● **WHAT YOU ARE ASKED TO DO**
Once "Acid Dyes festék" turns up in a line below, reproduce that line and those after it exactly, stopping after the line with "Geanta organizator pentru"; leave pictures out.

● **DATA EXTRACTS**
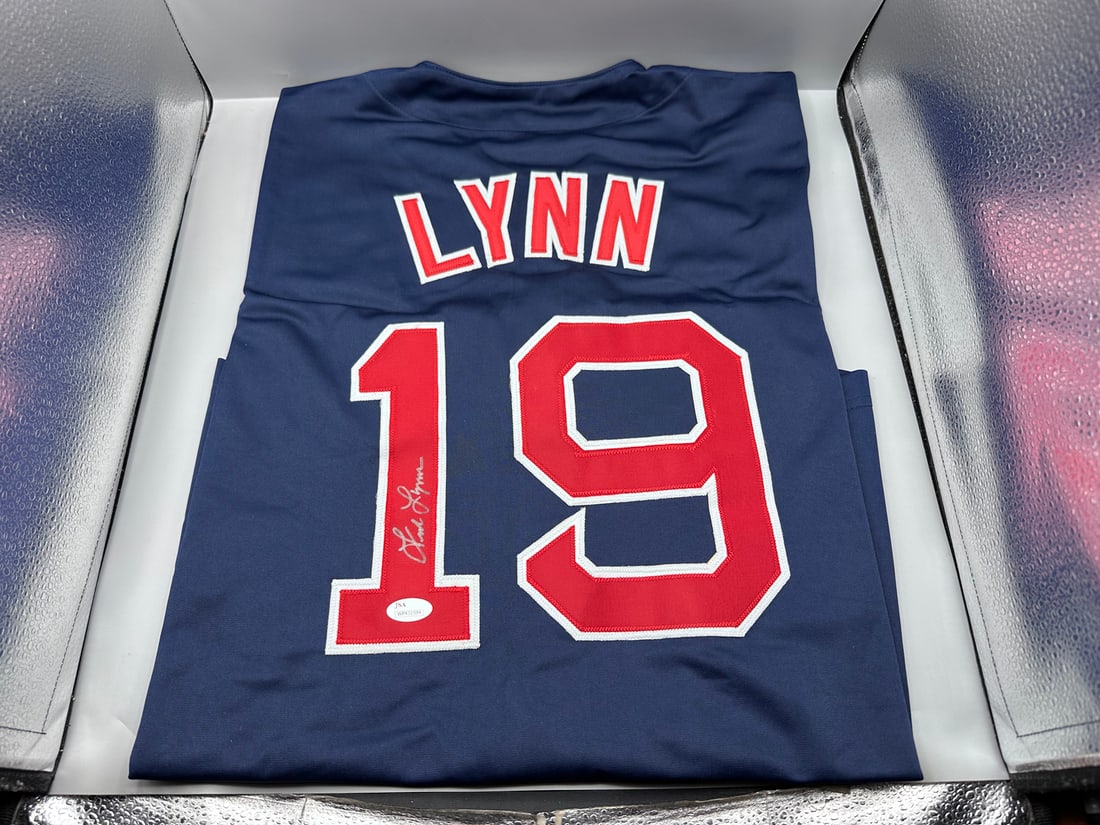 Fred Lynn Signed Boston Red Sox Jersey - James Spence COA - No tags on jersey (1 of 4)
...
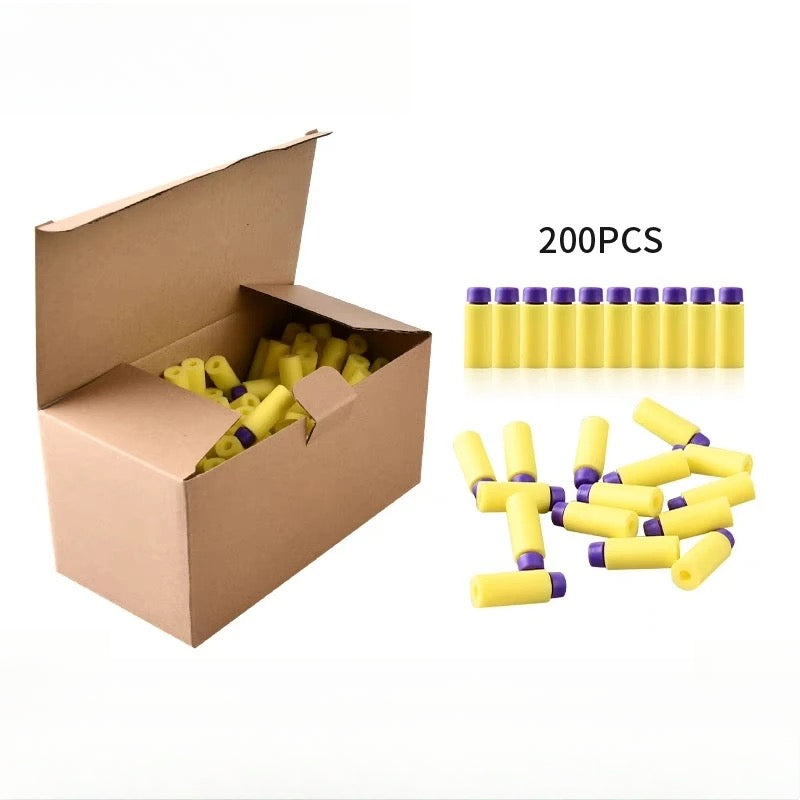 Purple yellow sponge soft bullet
==
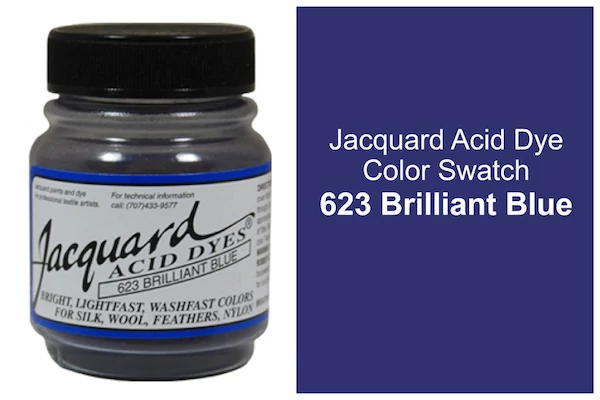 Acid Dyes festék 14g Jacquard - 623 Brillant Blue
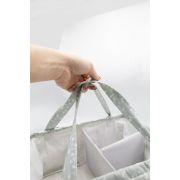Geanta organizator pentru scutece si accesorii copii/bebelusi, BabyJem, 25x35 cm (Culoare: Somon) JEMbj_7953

● **SOLUTION**
 Acid Dyes festék 14g Jacquard - 623 Brillant Blue
Geanta organizator pentru scutece si accesorii copii/bebelusi, BabyJem, 25x35 cm (Culoare: Somon) JEMbj_7953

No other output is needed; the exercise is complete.